Charles' Fame : WBCN legend is up for Hall of Fame
Charles Laquidara has been nominated to the Radio Hall of Fame, it was announced yesterday. He was cited in part because his "'The Big Mattress' was a pioneer effort in FM broadcasting, on WBCN/Boston for over 30 years. It was one of the first FM shows to feature a shifting on-air cast, including producers, writers and a production team. Known for his eclectic musical tastes, the outspoken Laquidara was never bashful about his criticism of corporate governance and right-wing politics.'
Laquidara is one of five personalities nominated in the 'regional or local - pioneer' category by a national advisory committee. The on-line voting process will be open to the public at www.radiohof.org beginning June 14 and concluding August 1. The results will be announced on August 4th which happens to be the anniversary of his final Boston morning show on WZLX in 2000. Ballot winners will be inducted Nov.6 in Chicago.
Laquidara hosted the hugely popular ''The Big Mattress'' on WBCN 104.1 for the better part of 25 years. On April 1, 1996, he moved over to sister station WZLX 100.7 to make room for Howard Stern who ironically is also among this year's Hall of Fame nominees in the 'national - active' category.
Laquidara, a Milford Mass native, was a struggling young actor in Hollywood in the 1960s when he took his first job in radio, as an announcer for classical music station KPPC-FM in Pasadena, Calif.When the station changed its format to what was then referred to as ''underground rock,'' Laquidara began to develop a reputation as a pioneer in a radio movement that was closely linked to the protest culture of the 1960s.In 1969, he was hired at WBCN to replace disc jockey Peter Wolf, who would go on to become the lead singer of the J. Geils Band.

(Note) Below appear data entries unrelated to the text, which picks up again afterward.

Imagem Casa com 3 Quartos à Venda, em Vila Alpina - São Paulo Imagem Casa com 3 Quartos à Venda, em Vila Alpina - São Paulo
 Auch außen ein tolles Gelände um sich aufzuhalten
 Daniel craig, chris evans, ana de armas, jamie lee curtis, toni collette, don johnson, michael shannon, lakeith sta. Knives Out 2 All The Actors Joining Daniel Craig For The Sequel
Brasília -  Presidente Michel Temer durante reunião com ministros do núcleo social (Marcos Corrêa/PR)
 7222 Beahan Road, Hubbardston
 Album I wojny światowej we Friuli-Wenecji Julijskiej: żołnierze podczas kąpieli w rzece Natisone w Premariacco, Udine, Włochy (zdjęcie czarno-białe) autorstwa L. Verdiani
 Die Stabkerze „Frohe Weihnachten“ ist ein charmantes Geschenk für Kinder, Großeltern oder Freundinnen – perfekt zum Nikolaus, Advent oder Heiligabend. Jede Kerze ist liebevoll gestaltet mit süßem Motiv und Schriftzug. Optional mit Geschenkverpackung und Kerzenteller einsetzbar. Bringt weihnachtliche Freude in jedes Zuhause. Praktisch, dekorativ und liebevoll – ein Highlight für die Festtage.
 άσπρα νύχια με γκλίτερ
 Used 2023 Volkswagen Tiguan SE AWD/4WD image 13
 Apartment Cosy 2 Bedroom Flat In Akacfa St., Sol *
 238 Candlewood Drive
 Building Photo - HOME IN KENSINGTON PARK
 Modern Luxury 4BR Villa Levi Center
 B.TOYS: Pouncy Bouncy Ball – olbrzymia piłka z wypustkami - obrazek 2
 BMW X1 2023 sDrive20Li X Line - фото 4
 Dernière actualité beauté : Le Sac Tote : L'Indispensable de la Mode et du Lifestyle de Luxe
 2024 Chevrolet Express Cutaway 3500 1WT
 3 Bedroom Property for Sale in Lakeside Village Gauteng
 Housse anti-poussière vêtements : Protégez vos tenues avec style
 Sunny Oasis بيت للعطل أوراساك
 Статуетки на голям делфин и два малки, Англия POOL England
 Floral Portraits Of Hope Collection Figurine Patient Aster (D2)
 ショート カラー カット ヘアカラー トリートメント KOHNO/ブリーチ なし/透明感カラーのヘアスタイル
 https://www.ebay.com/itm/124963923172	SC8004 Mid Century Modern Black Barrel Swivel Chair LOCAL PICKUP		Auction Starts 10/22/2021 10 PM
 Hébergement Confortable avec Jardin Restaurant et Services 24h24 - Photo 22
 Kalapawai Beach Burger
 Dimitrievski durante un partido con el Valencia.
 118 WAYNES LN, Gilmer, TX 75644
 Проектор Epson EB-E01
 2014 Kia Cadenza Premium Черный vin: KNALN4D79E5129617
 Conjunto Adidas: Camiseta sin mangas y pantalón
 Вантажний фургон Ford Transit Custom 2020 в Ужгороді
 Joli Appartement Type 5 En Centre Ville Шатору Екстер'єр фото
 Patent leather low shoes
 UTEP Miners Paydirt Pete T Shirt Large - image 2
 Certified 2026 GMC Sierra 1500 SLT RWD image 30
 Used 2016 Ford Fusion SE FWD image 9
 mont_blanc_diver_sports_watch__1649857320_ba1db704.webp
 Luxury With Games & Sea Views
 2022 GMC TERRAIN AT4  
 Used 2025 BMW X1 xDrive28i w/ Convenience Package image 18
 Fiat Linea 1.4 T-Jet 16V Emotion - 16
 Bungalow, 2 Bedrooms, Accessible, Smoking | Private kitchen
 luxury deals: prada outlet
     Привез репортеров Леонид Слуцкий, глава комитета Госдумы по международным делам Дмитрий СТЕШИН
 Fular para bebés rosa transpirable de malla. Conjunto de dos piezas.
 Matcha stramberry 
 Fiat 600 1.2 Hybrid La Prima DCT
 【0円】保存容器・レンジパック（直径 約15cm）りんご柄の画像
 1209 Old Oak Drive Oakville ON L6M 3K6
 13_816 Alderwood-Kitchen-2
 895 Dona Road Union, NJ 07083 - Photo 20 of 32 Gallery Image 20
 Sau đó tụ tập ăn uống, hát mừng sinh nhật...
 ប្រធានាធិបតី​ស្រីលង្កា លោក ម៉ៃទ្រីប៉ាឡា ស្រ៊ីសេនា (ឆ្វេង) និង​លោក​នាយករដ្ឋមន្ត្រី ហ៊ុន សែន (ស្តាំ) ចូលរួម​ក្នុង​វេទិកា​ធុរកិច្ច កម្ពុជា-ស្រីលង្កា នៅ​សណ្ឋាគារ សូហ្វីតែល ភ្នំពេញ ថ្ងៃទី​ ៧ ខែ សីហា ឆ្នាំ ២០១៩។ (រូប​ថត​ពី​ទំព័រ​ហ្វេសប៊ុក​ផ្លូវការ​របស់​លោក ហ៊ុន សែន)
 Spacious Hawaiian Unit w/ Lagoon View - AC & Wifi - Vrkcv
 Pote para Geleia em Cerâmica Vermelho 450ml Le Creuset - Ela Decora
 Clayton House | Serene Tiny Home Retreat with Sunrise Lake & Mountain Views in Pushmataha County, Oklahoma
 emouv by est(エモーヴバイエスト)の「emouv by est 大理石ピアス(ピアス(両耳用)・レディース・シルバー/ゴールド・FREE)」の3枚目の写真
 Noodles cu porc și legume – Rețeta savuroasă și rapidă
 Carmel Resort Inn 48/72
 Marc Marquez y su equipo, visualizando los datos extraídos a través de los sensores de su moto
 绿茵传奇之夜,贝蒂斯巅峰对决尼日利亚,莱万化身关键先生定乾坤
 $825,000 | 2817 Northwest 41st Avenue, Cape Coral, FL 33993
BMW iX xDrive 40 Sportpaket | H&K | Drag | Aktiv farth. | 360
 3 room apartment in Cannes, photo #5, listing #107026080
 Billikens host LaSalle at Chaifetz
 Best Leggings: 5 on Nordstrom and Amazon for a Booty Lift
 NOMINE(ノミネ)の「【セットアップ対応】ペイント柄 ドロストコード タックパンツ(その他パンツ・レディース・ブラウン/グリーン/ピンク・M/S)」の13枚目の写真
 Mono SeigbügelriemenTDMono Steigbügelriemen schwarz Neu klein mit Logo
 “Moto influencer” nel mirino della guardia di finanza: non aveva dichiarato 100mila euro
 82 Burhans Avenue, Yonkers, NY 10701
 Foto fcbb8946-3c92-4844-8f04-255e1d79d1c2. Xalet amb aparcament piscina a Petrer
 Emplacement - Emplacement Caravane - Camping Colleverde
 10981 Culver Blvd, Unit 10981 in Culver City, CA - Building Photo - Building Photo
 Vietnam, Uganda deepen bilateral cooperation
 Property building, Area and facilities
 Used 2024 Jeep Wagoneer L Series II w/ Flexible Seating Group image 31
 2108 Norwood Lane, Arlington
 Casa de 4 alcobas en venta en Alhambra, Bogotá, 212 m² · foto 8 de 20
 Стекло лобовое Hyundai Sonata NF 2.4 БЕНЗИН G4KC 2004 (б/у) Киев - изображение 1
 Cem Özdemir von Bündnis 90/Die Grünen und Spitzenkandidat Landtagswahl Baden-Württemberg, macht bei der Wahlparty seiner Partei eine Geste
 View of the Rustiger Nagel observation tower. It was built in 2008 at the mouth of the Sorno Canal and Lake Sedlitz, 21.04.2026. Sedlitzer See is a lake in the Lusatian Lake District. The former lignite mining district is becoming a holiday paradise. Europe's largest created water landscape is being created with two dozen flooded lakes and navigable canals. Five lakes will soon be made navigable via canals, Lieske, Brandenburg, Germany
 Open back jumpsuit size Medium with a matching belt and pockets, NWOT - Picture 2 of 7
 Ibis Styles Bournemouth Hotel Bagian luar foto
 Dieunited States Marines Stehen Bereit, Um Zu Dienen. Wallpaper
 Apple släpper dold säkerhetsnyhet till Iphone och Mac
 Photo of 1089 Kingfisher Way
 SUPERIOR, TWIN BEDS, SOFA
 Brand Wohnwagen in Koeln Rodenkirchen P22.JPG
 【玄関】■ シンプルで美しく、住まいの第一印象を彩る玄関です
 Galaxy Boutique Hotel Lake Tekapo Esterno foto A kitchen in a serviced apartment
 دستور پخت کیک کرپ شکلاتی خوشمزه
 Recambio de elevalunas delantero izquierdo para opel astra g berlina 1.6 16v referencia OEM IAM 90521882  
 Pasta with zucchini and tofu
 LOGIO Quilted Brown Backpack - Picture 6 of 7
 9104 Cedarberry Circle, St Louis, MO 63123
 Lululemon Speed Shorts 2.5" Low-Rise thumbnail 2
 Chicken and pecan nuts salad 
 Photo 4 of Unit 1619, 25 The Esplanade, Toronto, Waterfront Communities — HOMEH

In 1972, he was named host of the station's legendary morning-drive show. On his website, www.bigmattress.com, Laquidara explains how he came up with the unusual name for the show:''It seemed to conjure up images of thousands of listeners, from hundreds of different towns in New England, all on this huge, imaginary mattress all waking up to the sounds of rock and roll from their radios before they went off to school or work.''In 1996, WBCN replaced Laquidara in the morning with Howard Stern. Laquidara moved to sister station WZLX, and that station's ''classic rock'' format featured many of the same songs he played when the music was new and considered ''underground rock.''
Last September, Laquidara was among a group of Boston radio and TV legends inducted into Massachusetts Broadcasters Hall of Fame.